Dataset excerpts:
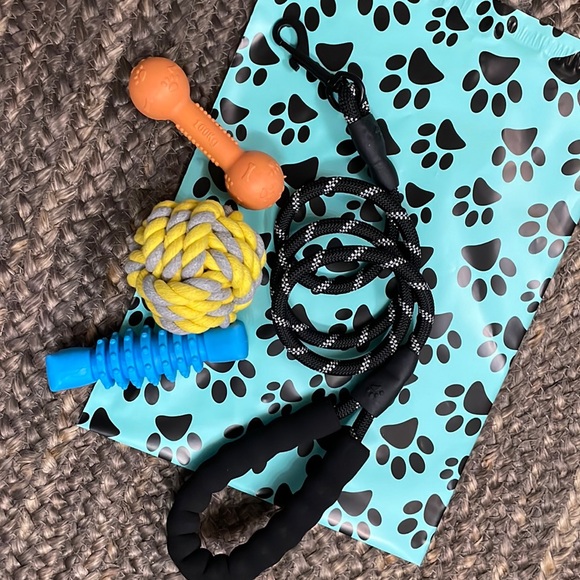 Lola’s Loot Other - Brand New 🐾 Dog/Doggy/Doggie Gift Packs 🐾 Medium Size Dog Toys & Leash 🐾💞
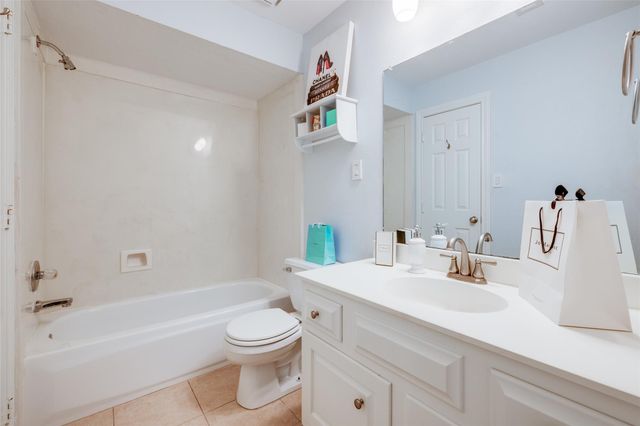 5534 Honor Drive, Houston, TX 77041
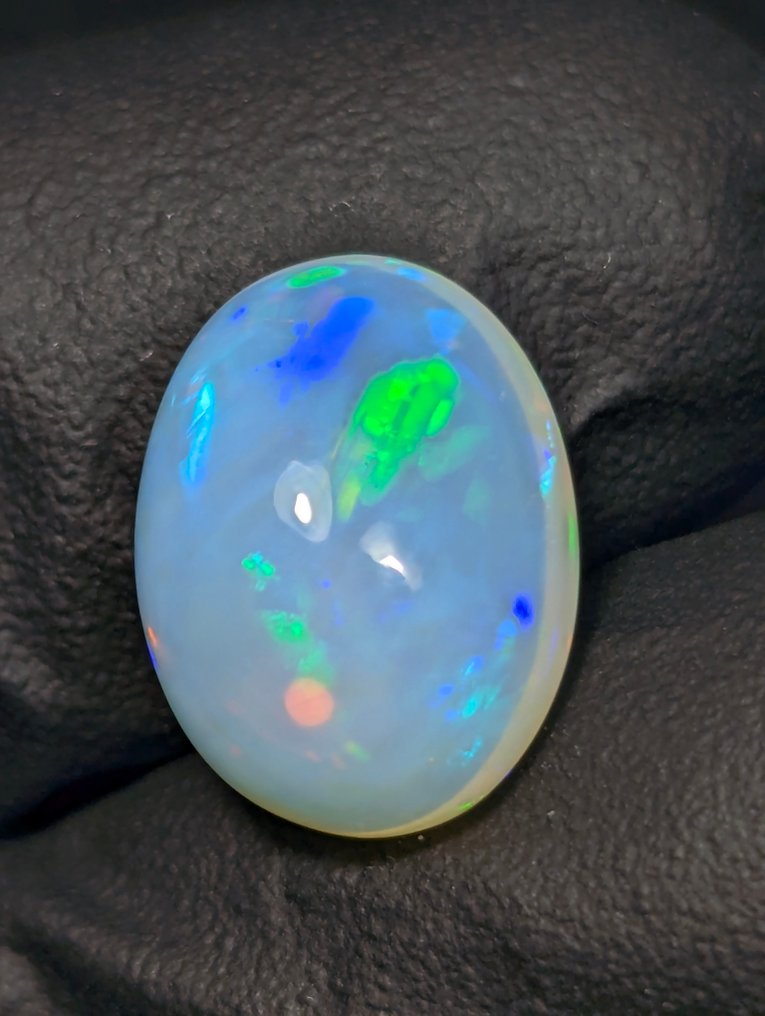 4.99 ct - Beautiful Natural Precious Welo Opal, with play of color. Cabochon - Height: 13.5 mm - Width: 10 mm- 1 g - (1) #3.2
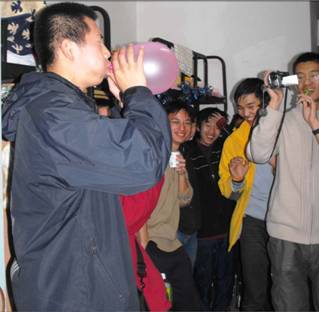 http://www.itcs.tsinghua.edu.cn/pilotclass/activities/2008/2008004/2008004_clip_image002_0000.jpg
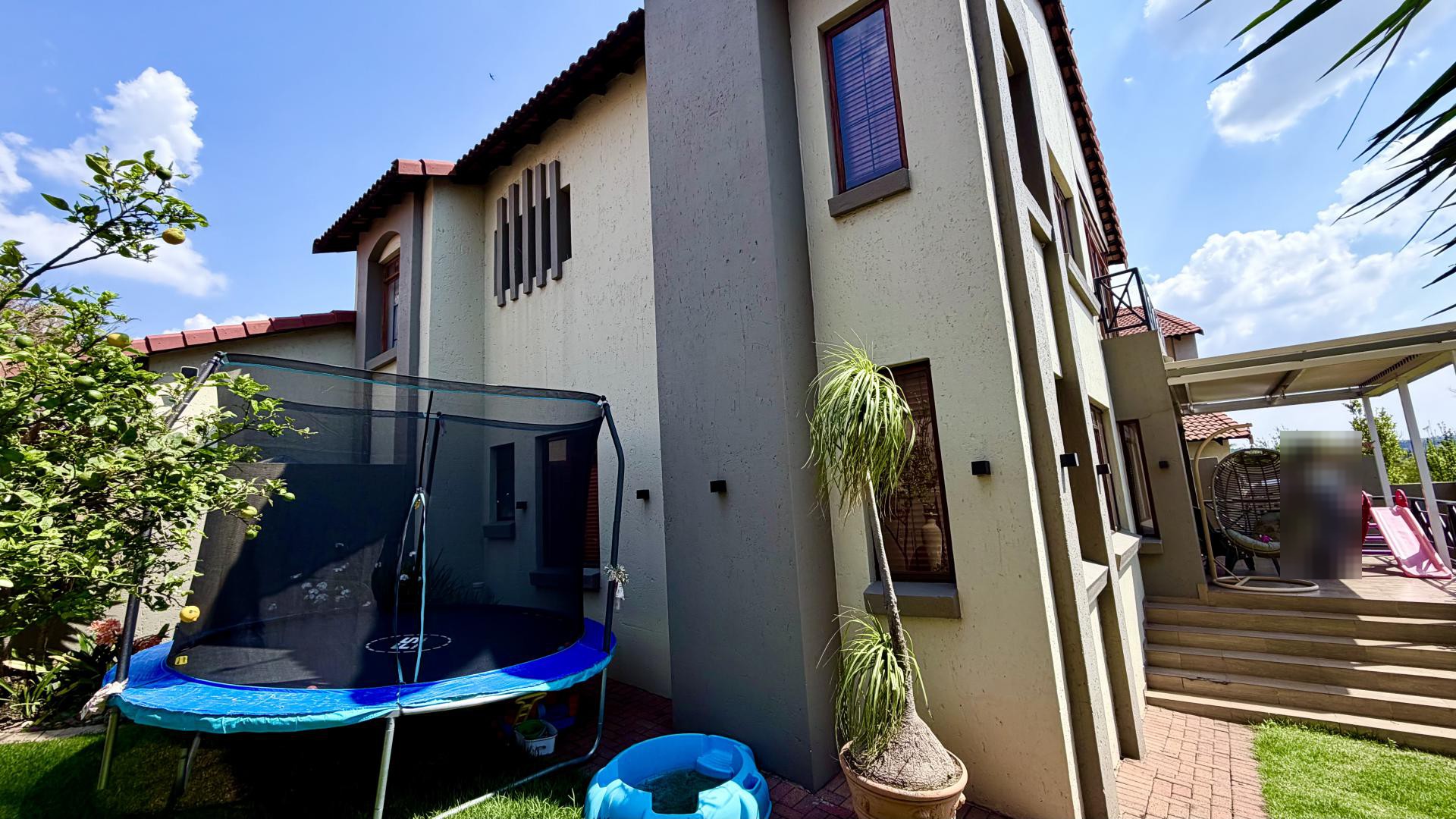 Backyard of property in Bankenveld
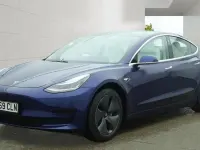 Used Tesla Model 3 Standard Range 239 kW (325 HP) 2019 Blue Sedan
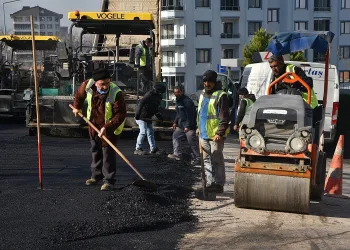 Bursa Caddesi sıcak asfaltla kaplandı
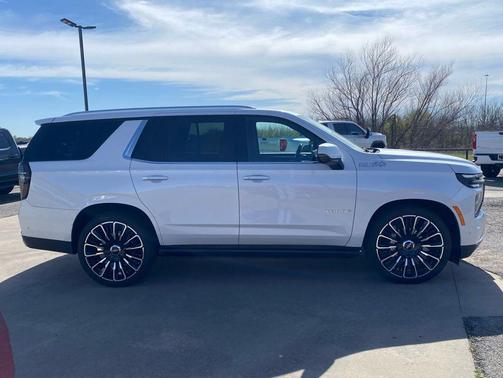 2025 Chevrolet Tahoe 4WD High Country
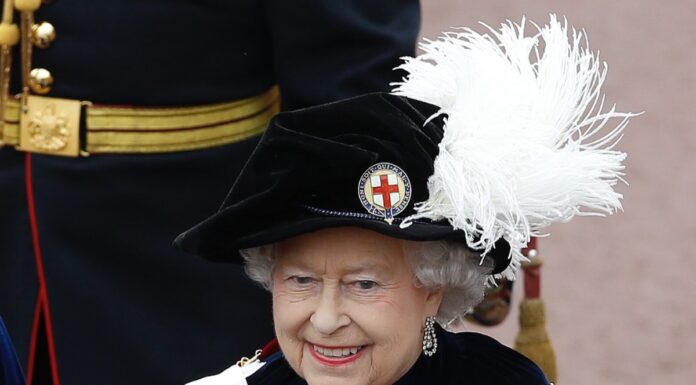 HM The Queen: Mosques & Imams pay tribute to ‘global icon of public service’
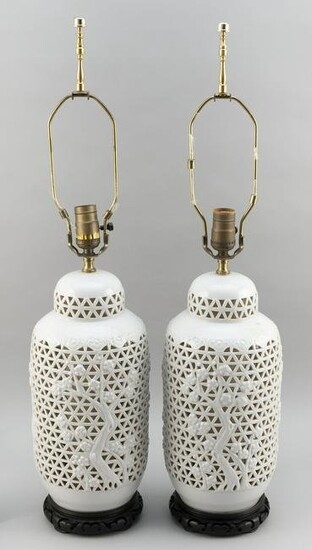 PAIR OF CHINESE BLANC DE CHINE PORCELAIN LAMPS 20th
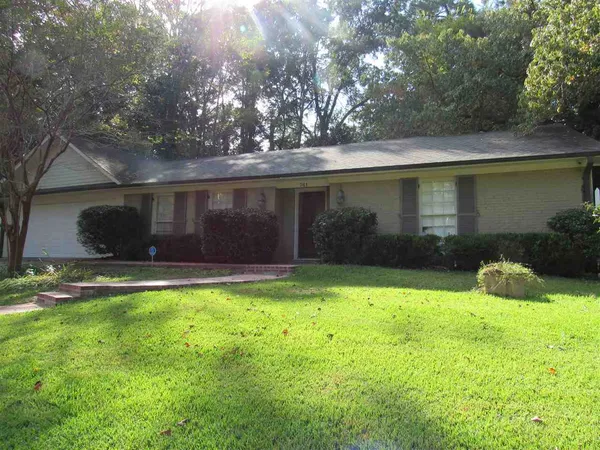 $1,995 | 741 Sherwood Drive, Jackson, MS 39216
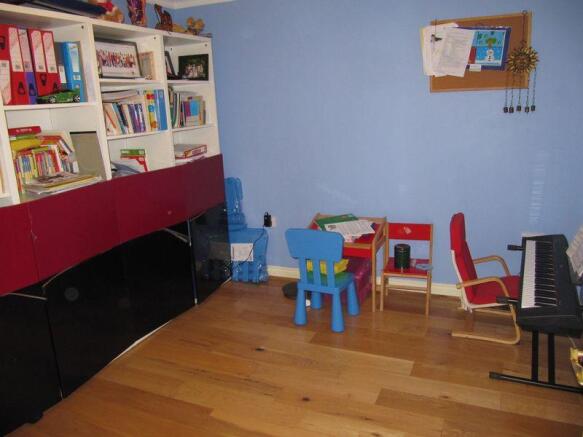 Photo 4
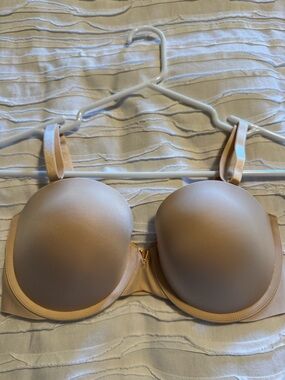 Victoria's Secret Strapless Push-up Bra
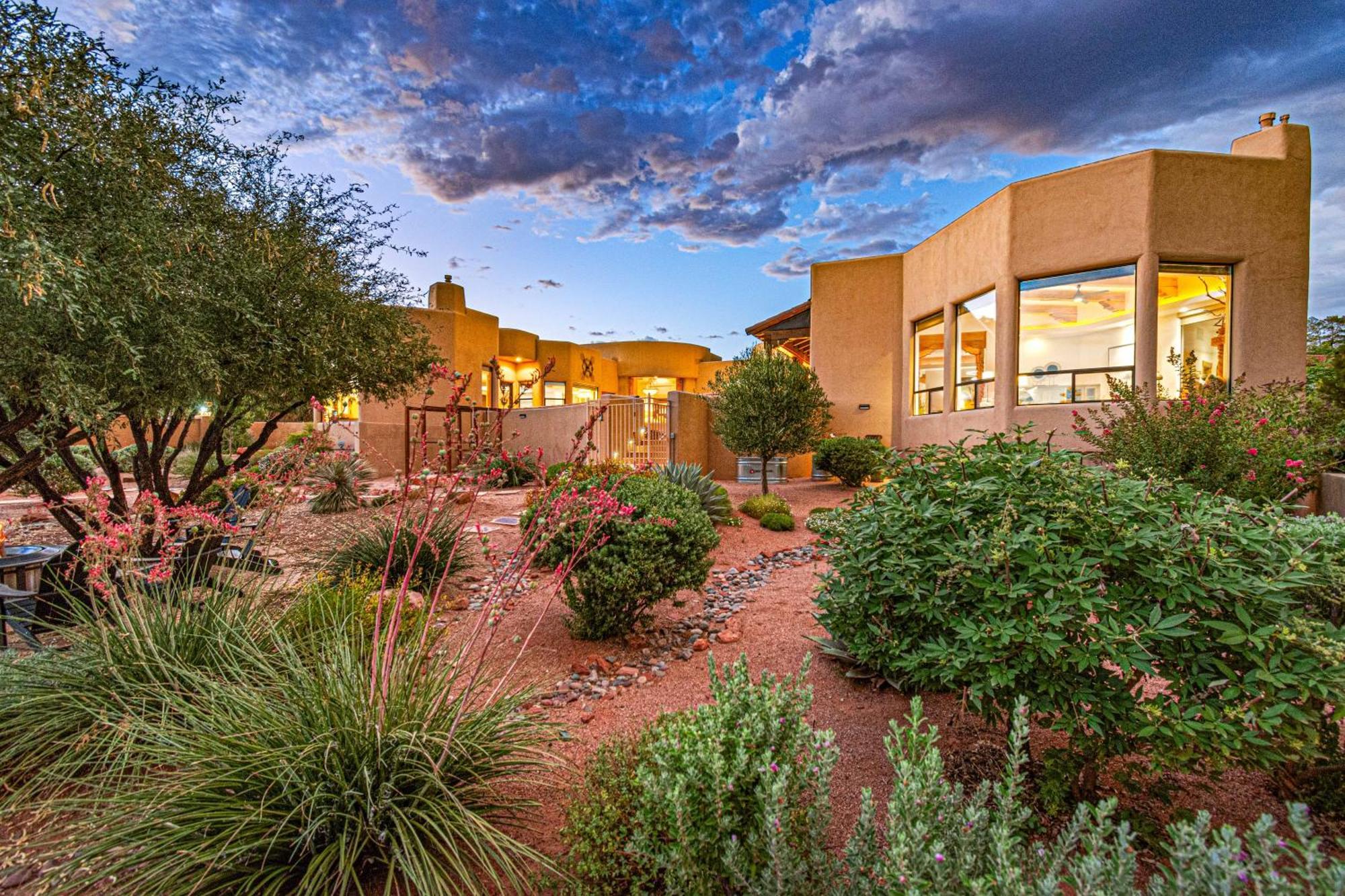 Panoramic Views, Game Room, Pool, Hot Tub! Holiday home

> **YOUR TASK**:
Give back exactly the lines above that run from the one with "Bursa Caddesi sıcak asfaltla kaplandı" to the one with "Jackson, MS 39216", including both, with the pictures left out.

> **YOUR RESPONSE**:
 Bursa Caddesi sıcak asfaltla kaplandı
 2025 Chevrolet Tahoe 4WD High Country
 HM The Queen: Mosques & Imams pay tribute to ‘global icon of public service’
 PAIR OF CHINESE BLANC DE CHINE PORCELAIN LAMPS 20th
 $1,995 | 741 Sherwood Drive, Jackson, MS 39216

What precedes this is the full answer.